# What the exercise asks:
Output the data below only from the line containing "アマゾニア 長袖 Tシャツ" up to and including the line containing "Sunflower Starry Night", exact and with the pictures left out.

[[ Task data open ]]

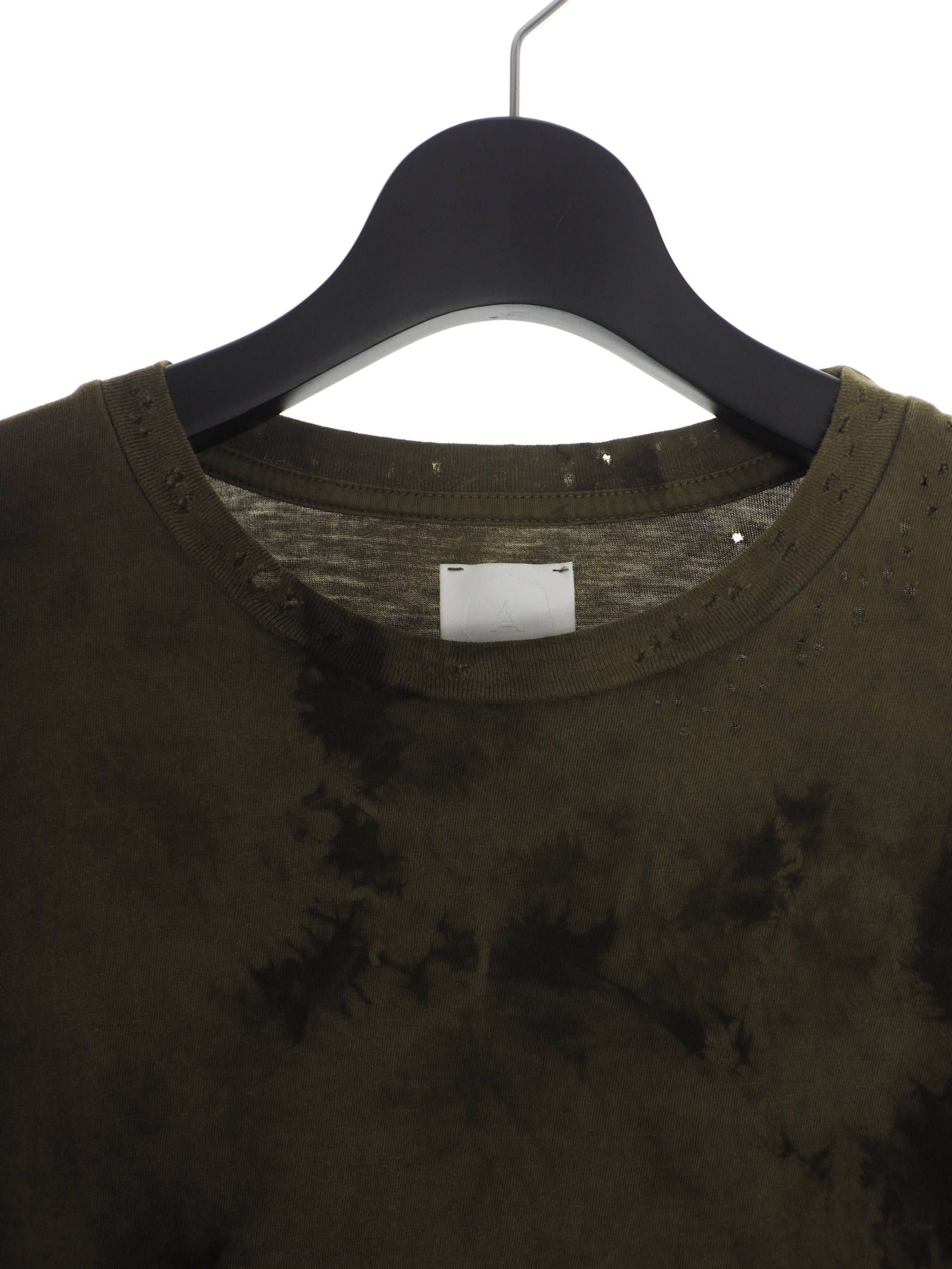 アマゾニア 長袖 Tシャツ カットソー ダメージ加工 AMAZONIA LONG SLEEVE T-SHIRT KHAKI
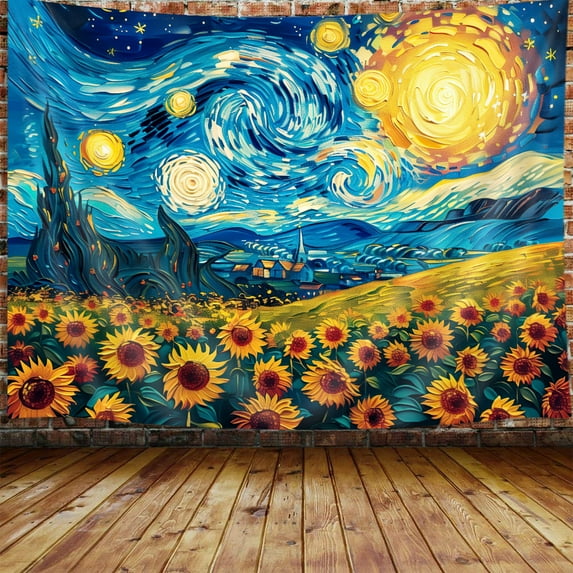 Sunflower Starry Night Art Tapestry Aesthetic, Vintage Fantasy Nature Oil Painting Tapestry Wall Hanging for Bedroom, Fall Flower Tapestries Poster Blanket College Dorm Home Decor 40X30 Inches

[[ Task data closed ]]
[[ Task data open ]]

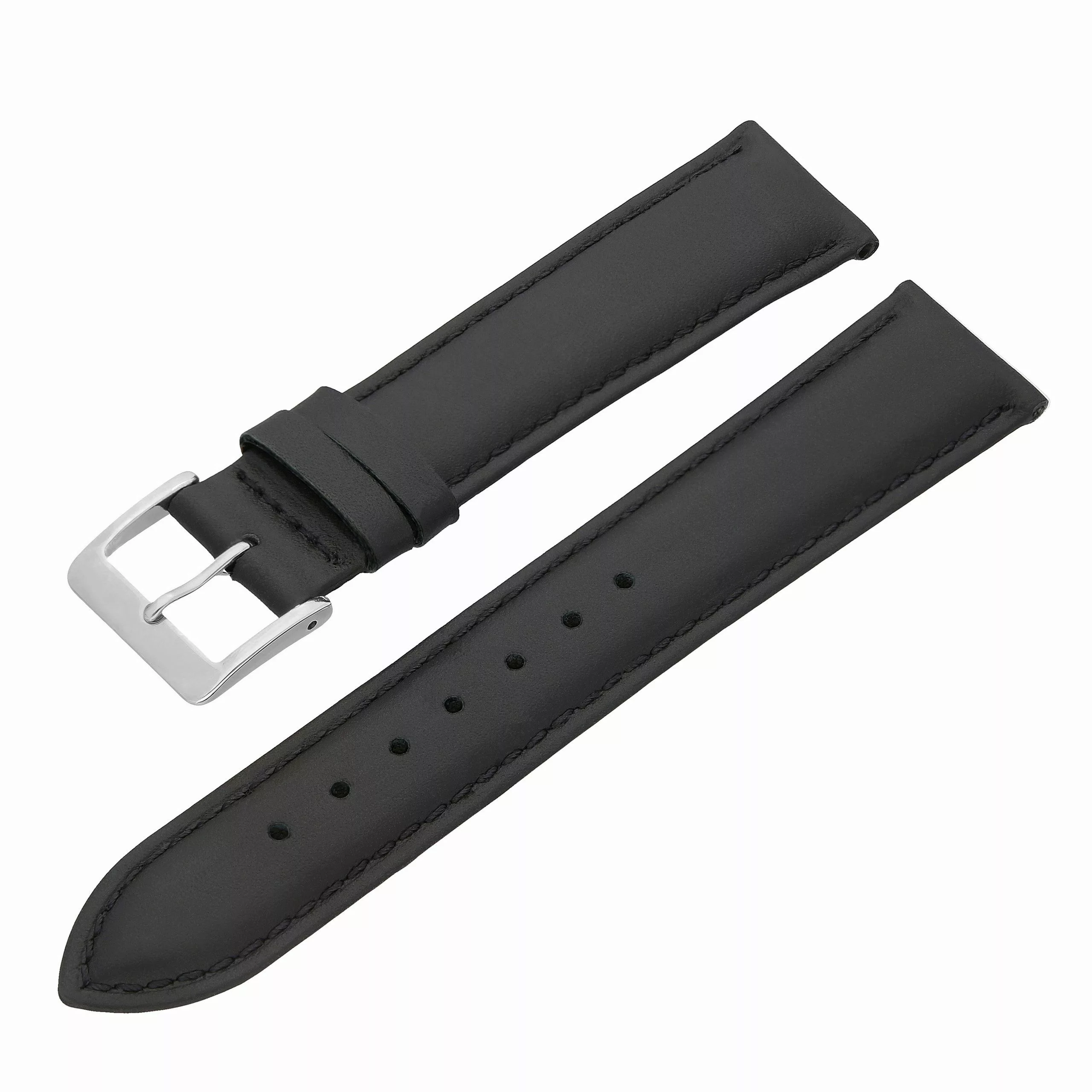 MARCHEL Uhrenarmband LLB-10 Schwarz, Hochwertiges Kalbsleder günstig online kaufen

[[ Task data closed ]]
[[ Task data open ]]

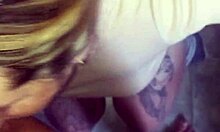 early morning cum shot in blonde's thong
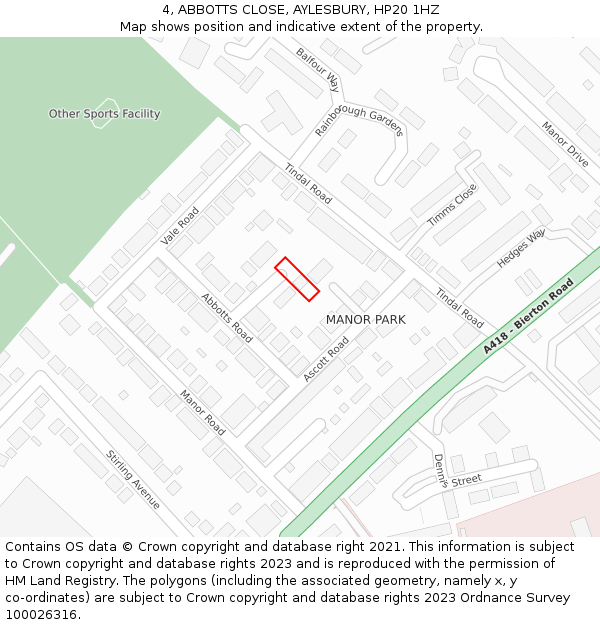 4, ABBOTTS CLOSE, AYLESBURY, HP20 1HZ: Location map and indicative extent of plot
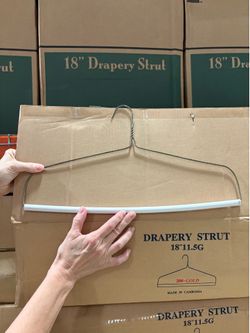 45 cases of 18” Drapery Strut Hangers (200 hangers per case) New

[[ Task data closed ]]

# Answer box:
 アマゾニア 長袖 Tシャツ カットソー ダメージ加工 AMAZONIA LONG SLEEVE T-SHIRT KHAKI
 Sunflower Starry Night Art Tapestry Aesthetic, Vintage Fantasy Nature Oil Painting Tapestry Wall Hanging for Bedroom, Fall Flower Tapestries Poster Blanket College Dorm Home Decor 40X30 Inches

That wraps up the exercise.